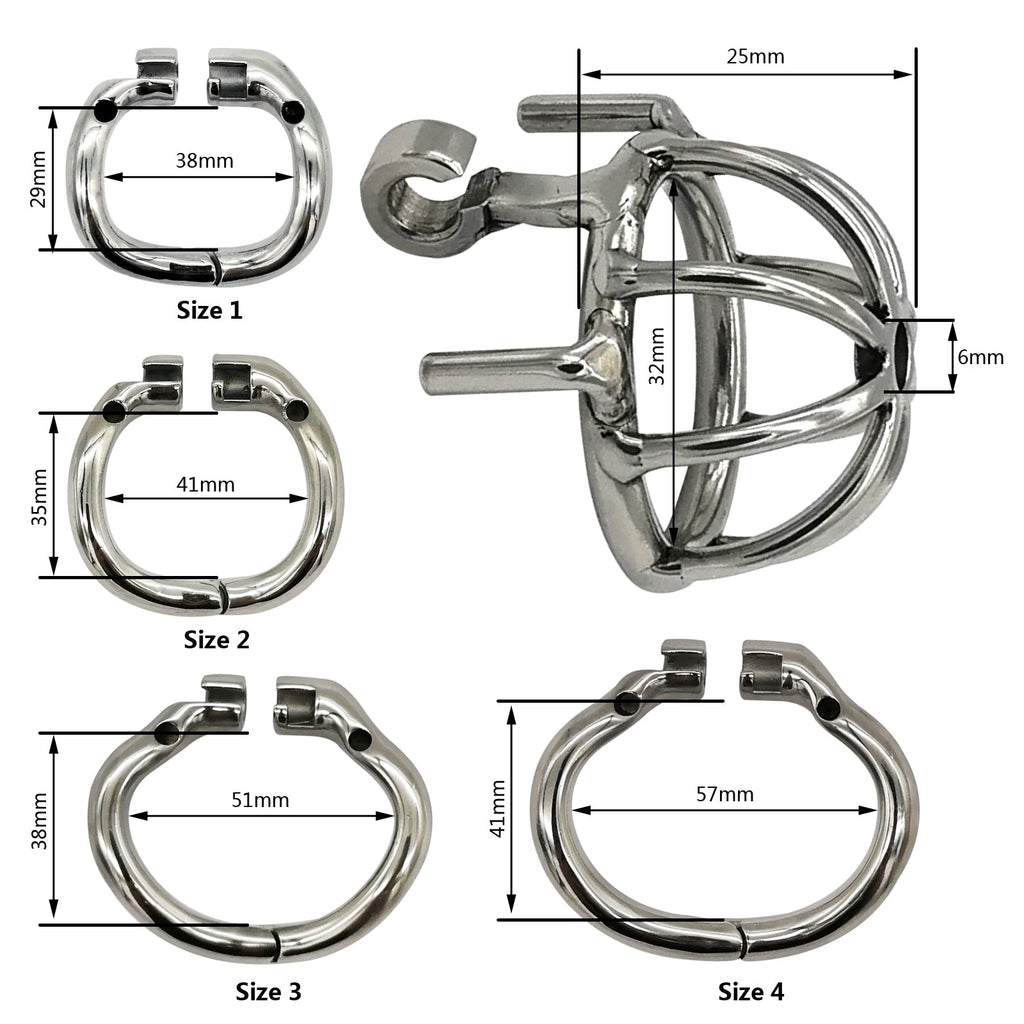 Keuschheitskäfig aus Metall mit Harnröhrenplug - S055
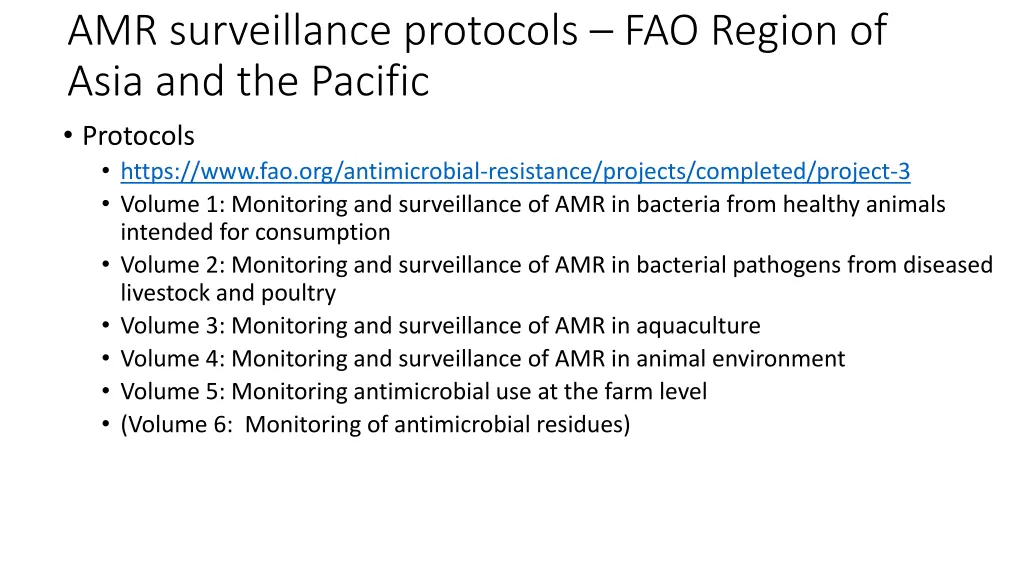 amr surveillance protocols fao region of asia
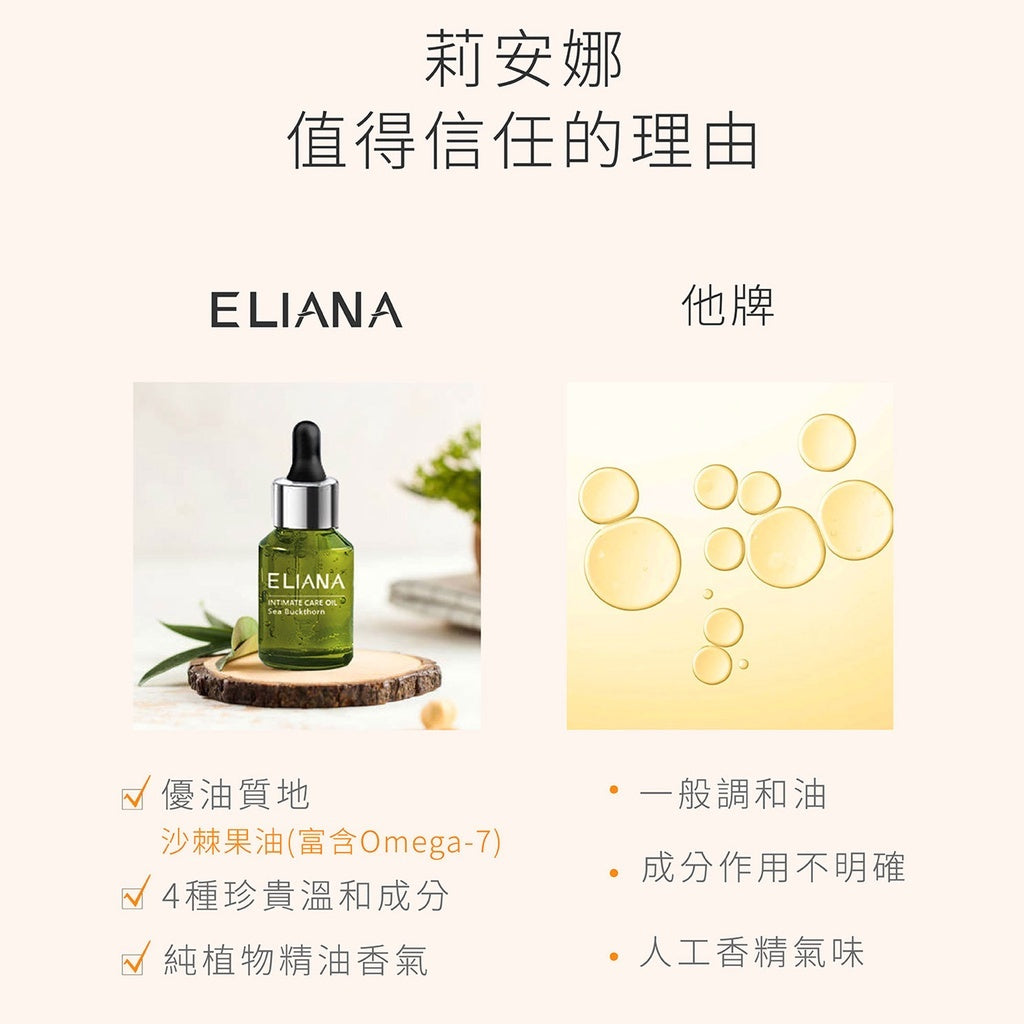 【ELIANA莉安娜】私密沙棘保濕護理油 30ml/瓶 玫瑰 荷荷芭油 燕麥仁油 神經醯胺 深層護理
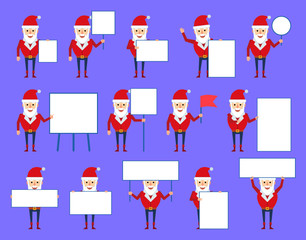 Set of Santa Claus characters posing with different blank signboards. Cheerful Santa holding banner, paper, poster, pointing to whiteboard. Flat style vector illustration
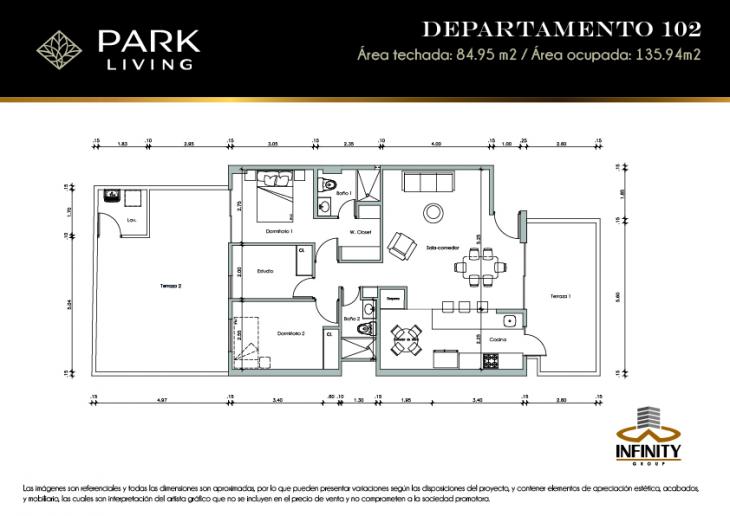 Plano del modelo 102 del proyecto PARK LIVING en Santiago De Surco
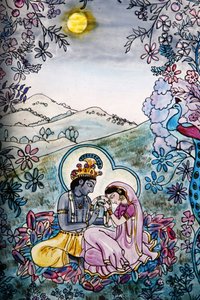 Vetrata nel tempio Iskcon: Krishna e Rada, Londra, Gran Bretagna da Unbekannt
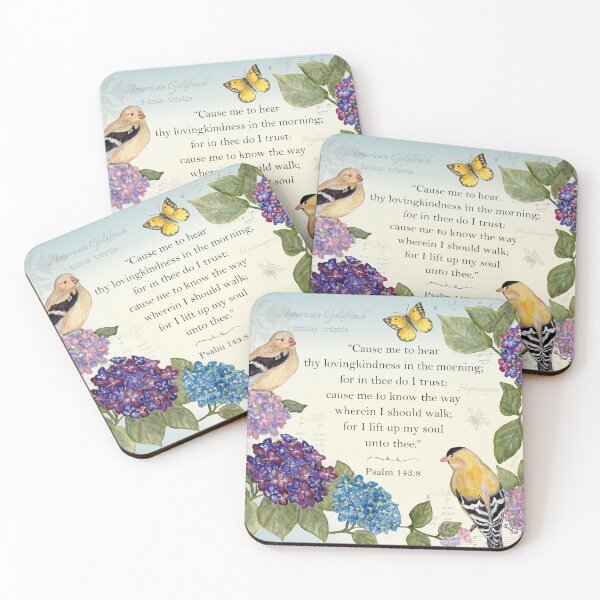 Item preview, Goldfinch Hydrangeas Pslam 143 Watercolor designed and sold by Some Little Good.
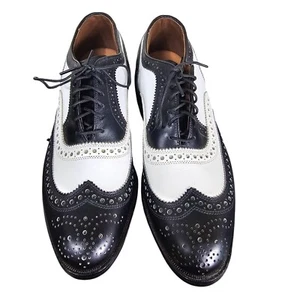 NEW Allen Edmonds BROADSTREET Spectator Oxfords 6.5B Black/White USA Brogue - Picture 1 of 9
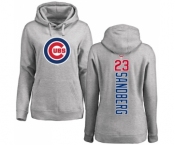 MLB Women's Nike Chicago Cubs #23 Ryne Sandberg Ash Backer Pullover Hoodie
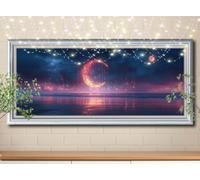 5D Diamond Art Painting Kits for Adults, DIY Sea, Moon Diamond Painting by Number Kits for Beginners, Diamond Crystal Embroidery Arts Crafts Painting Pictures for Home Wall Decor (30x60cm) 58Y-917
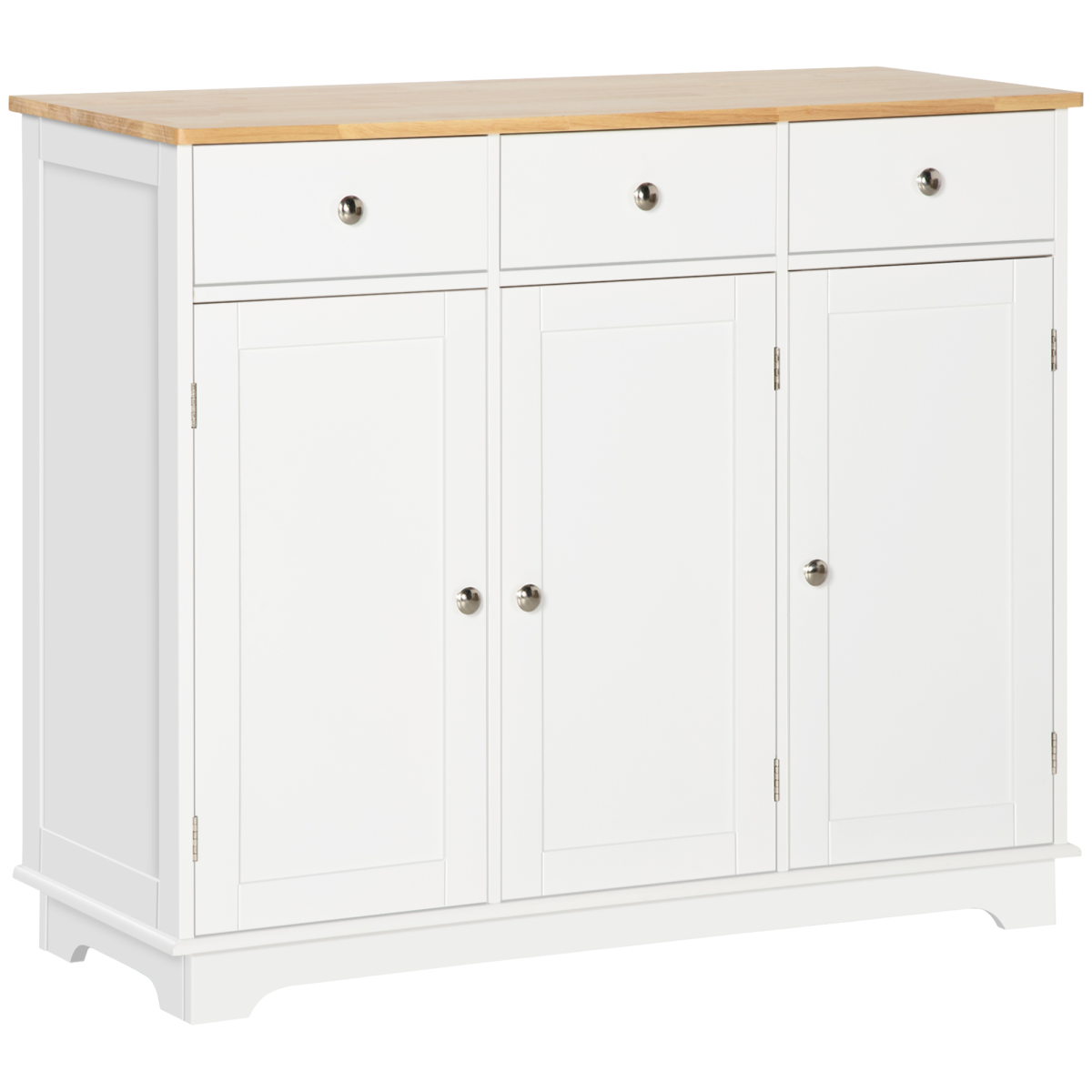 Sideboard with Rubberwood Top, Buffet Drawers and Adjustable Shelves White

######

**Exercise prompt:**
Exclude the images and copy every record above exactly.

**Exercise answer:**
 Keuschheitskäfig aus Metall mit Harnröhrenplug - S055
 amr surveillance protocols fao region of asia
 【ELIANA莉安娜】私密沙棘保濕護理油 30ml/瓶 玫瑰 荷荷芭油 燕麥仁油 神經醯胺 深層護理
 Set of Santa Claus characters posing with different blank signboards. Cheerful Santa holding banner, paper, poster, pointing to whiteboard. Flat style vector illustration
 Plano del modelo 102 del proyecto PARK LIVING en Santiago De Surco
 Vetrata nel tempio Iskcon: Krishna e Rada, Londra, Gran Bretagna da Unbekannt
 Item preview, Goldfinch Hydrangeas Pslam 143 Watercolor designed and sold by Some Little Good.
 NEW Allen Edmonds BROADSTREET Spectator Oxfords 6.5B Black/White USA Brogue - Picture 1 of 9
 MLB Women's Nike Chicago Cubs #23 Ryne Sandberg Ash Backer Pullover Hoodie
 5D Diamond Art Painting Kits for Adults, DIY Sea, Moon Diamond Painting by Number Kits for Beginners, Diamond Crystal Embroidery Arts Crafts Painting Pictures for Home Wall Decor (30x60cm) 58Y-917
 Sideboard with Rubberwood Top, Buffet Drawers and Adjustable Shelves White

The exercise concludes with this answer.